En Franny and Zooey (Salinger, 1961), Bessie Glass se pasea por su departamento neoyorkino enfundada en un kimono azul. Un atuendo gastado que titila con el esplendor de los bolsillos enormes en los que ella acomoda su parafernalia de fumadora incorregible y handyman. Una prenda anómala, tremendamente moderna, que conjura la sofisticación de las cosas prácticas. Es una de mis imágenes favoritas de la literatura. 

 

Los bolsillos distribuyen bien el peso de los objetos, no limitan el movimiento y sobre todo, ofrecen un resquicio de intimidad. Son un espacio para guardar cosas y secretos, o para hundir las manos y esconder el cuerpo del frío, de la timidez, de la impaciencia. Para que los bolsillos funcionen tiene que entrar la mano entera, tiene que entrar el teléfono, las llaves, una billetera de tamaño razonable e idealmente, una libreta o libro pequeño. La tela con la que se confeccionan tiene que ser fuerte y firme, y deben incorporarse al diseño de modo tal que no se desboquen. Los sacos siempre tienen que tener al menos un bolsillo interno: el bolsillo de la libertad y la independencia financiera como dice Susan Irvine. Los mejores tendrán dos o tres, incluso algunos más.
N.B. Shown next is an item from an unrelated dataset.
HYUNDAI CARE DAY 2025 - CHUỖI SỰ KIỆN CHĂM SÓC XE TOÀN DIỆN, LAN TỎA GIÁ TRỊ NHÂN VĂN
Una lista de obviedades, todas conspicuas por su infrecuencia.

 

El 28 de agosto de 1899, un columnista de The New York Times escribió que “no hay gente sin bolsillos que haya sido grandiosa desde que se inventaron los bolsillos, y el sexo femenino no puede ser nuestro rival mientras siga sin bolsillos”. Más de un siglo después y entre tanto, el voto, la patria potestad, el derecho a trabajar, a tener dinero propio y a usar pantalones, pero los bolsillos de Bessie se pueden seguir leyendo como una rareza, una expresión más de su singularidad. La competencia está viciada, es evidente, cuando los bolsillos son una excepción por la que suspiramos y mendigamos y recorrer el espacio público parece una transgresión a expiar con el bolso a cuestas. Como si fuéramos criaturas etéreas sin nada que ocultar, nos toca ubicar los elementos de nuestros mundos privados en un accesorio diseñado para la exhibición.

 

Un bolsillo es siempre un escondite privado, un espacio en el que no caben más que los efectos personales, un límite a la posibilidad de llevar (y complacer) las demandas de los demás. No se puede cargar con todo: los snacks, el botiquín y el costurero. Esa capacidad de andar solo con lo que entra en un par de bolsillos, de decir que no, de poder esconder las herramientas de navegación y de tenerlas siempre a mano para actuar, es una expresión de autosuficiencia que destaca contra la escena de la mujer que pierde las llaves en el desequilibrio de su bolsito. Ahí no hay glamour. Los bolsillos sostienen una imagen de elegancia casual, de invulnerabilidad y misterio, de libertad total.  

 

Sería hipócrita disputar la belleza de las carteras, su valor simbólico, el auxilio que prestan si deseamos llevar cosas de más — Anna Karenina no entra en ningún bolsillo y puede ser exactamente lo que ese día queremos leer. Lo que no cuadra es la ausencia de bolsillos y la omnipresencia de un accesorio, de lo que debería ser un refuerzo, una opción, un capricho. Si al menos lleváramos un revólver en el clutch, como las estrellas de una vieja película noire, o una libreta de hojas blancas para dibujar; pero llevamos el lápiz de labios y toallitas húmedas. Una desgracia. Un desperdicio de recursos. Formas que adquiere la desigualdad.